Enhanced Transport Kinetics of Electrochromic Devices by W₁₈O₄₉ NW/Ti₃C₂T_x Composite Films

Abstract

Electrochromic devices can facilitate the realization of a wide set of future applications, ranging from energy‐saving windows to smart wearables and stealth. Historically, tungsten oxides have been the most studied materials for electrochromism, albeit with bottlenecks like limited conductivity, high charge transport barrier, and low ion diffusivity. Here, inspired by the recent MXene materials, the study has engineered an electrochromic composite of MXene nanosheets (Ti₃C₂T_x) and W₁₈O₄₉ nanowires (NWs). A transparent conductive electrode is fabricated by co‐assembly of Ag and W₁₈O₄₉NWs, followed by depositing W₁₈O₄₉ NW/Ti₃C₂T_x layers for the fabrication of the electrochromic device.

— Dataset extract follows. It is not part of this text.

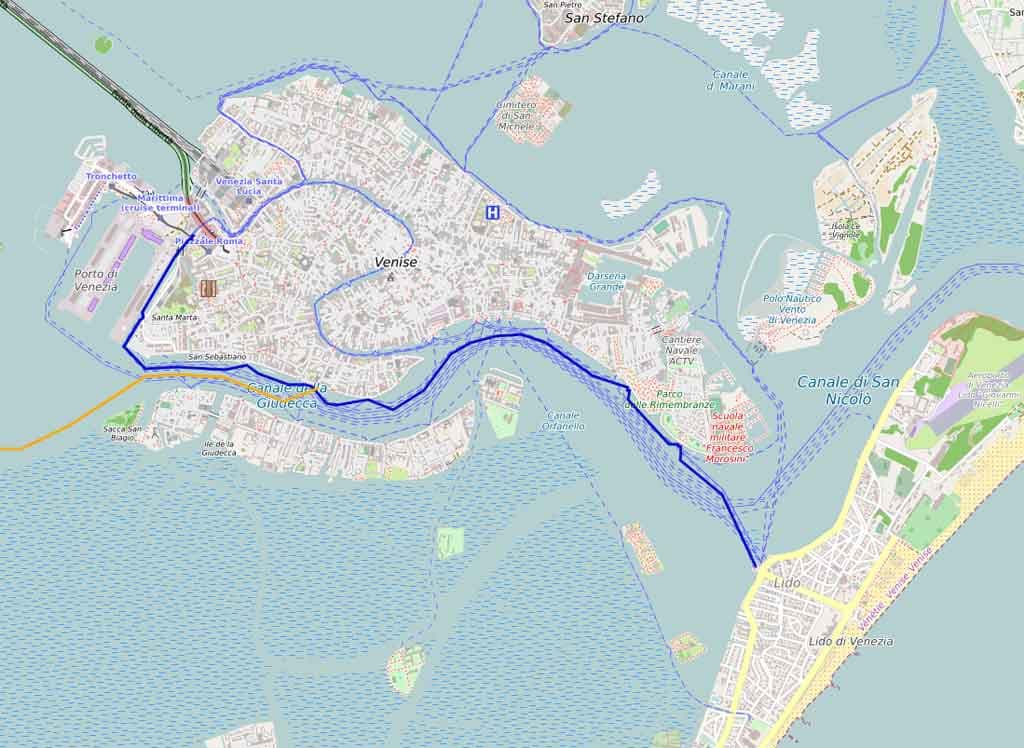 Vaporetto linea 6 lungo il lungomare di Zattere e il Canale della Giudecca a Venezia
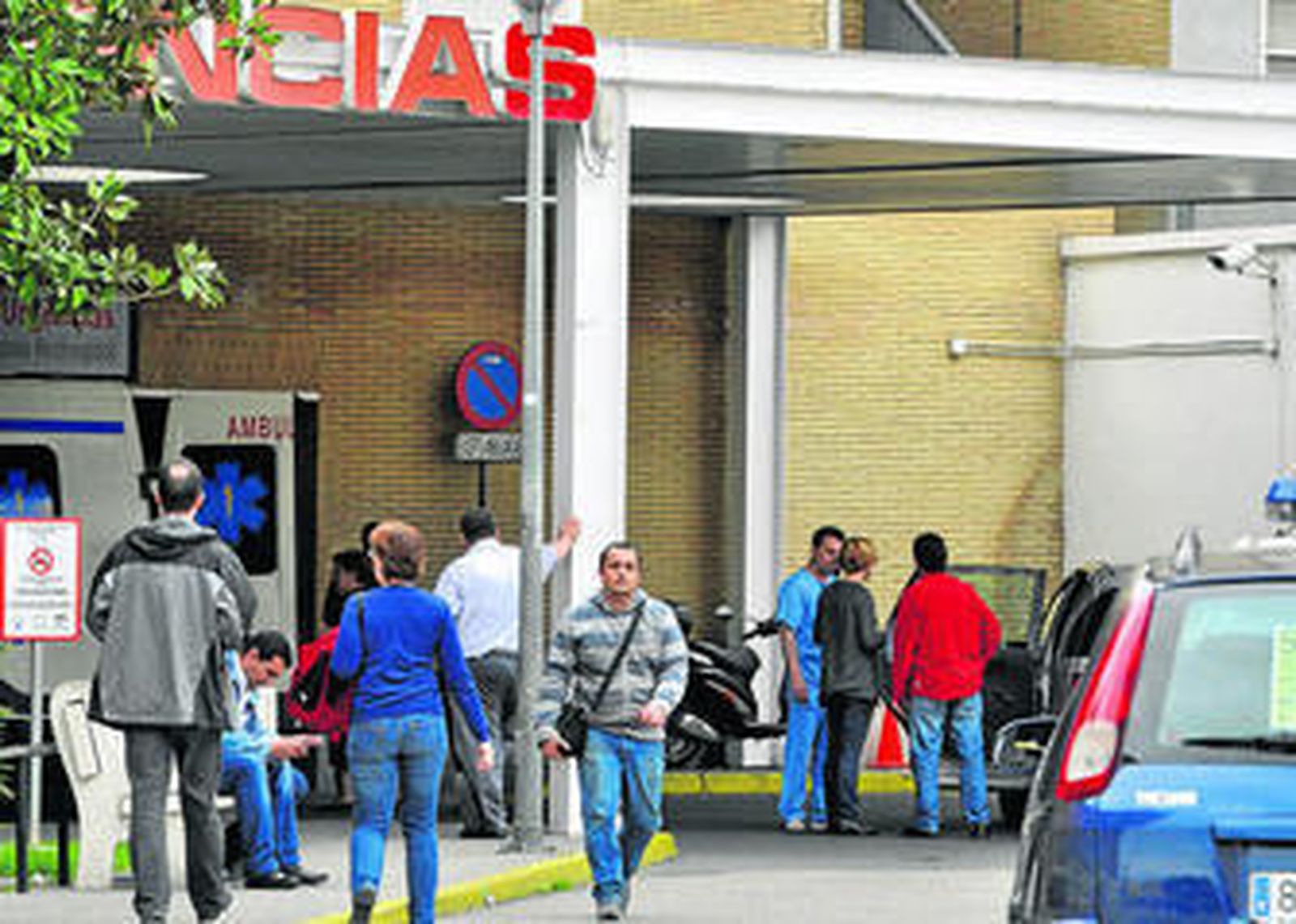 Acceso a las Urgencias del Hospital General Virgen del Rocío.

The incorporation of Ti₃C₂T_x nanosheets enhances the transport of electrons and ions within the electrochromic layer, leading to a significant improvement in the electrochromic performance. Noteworthily, the film structure comprising 15 layers of W₁₈O₄₉ NW/Ti₃C₂T_x composite reveals enhanced transmittance modulation (61%), rapid response time (4.5 s coloration, 6.5 s bleaching), and high coloration efficiency (139.1 cm² C⁻¹). Moreover, the electrode also presents a high diffusion coefficient of Li⁺ and good cycling stability (96.66% after 250 switching cycles). Finally, a large‐scale (15 × 20 cm²) flexible electrochromic device with a solid electrolyte is successfully fabricated and utilized as a smart window and a flexible stealth patch.